+++ Supplied entries

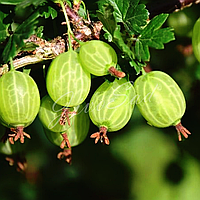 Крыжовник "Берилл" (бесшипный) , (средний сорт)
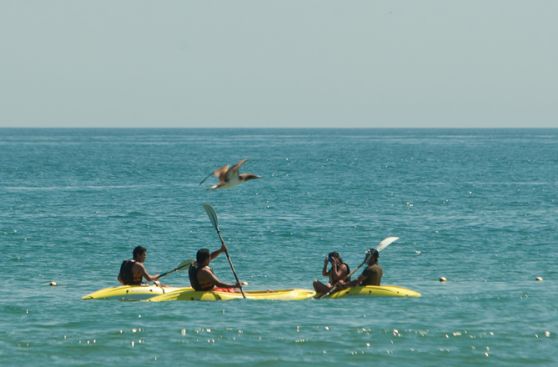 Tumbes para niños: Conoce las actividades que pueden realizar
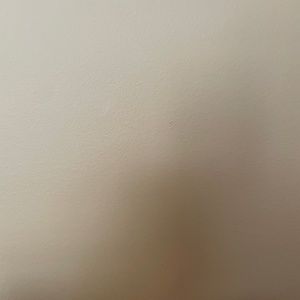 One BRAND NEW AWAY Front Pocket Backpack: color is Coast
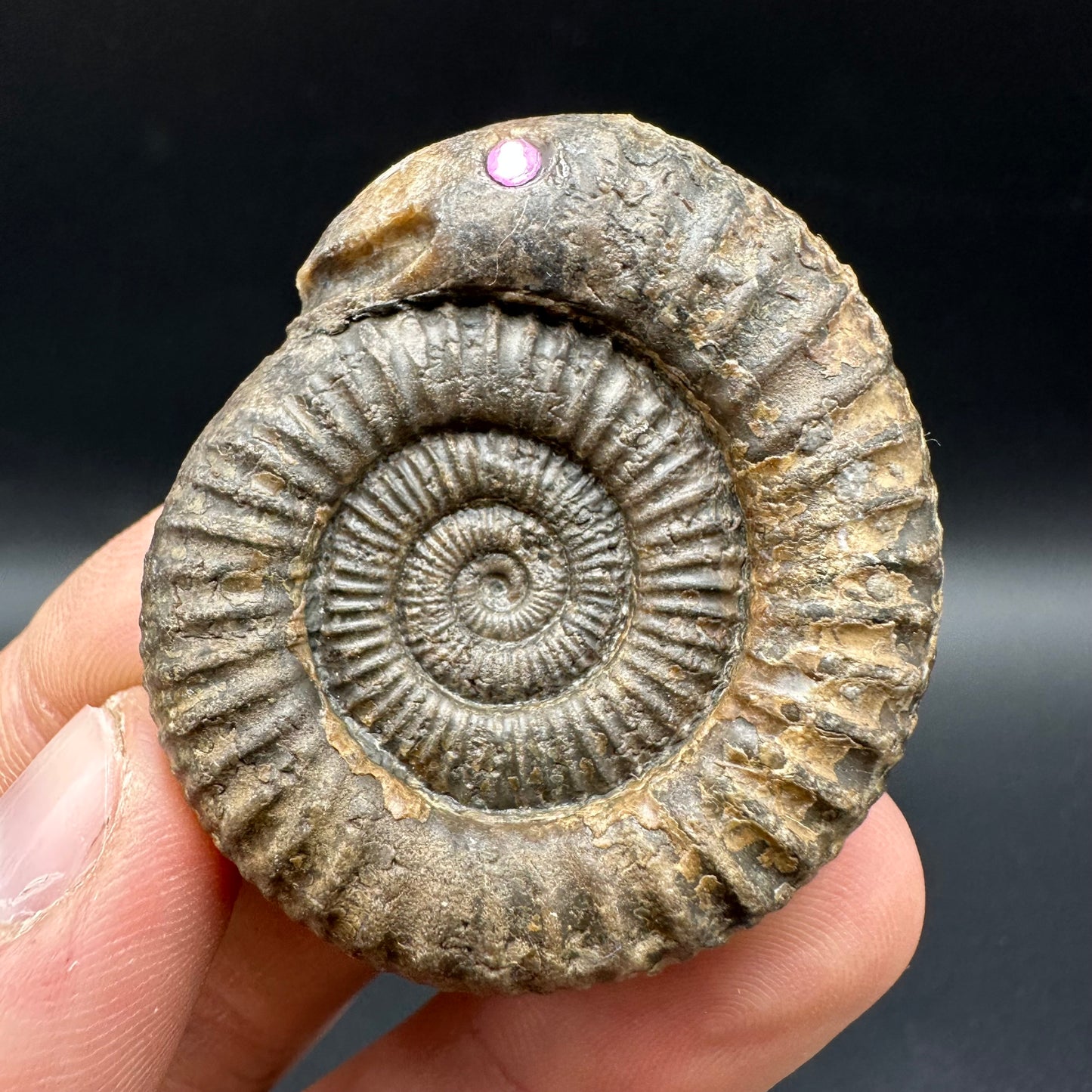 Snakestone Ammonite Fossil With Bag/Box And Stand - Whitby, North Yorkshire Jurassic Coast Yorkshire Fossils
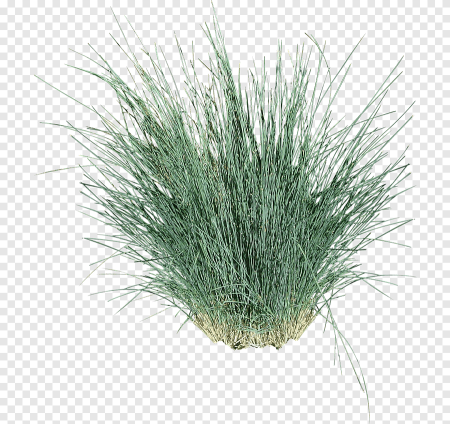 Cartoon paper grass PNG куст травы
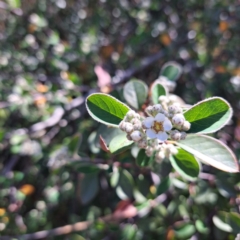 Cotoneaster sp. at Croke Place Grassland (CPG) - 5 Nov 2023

++++++

Work instructions » Each line from the line containing "Snakestone Ammonite Fossil" through the final line of the data above must be retyped exactly; nothing else, and no pictures, may appear.

Answer section »
 Snakestone Ammonite Fossil With Bag/Box And Stand - Whitby, North Yorkshire Jurassic Coast Yorkshire Fossils
 Cartoon paper grass PNG куст травы
 Cotoneaster sp. at Croke Place Grassland (CPG) - 5 Nov 2023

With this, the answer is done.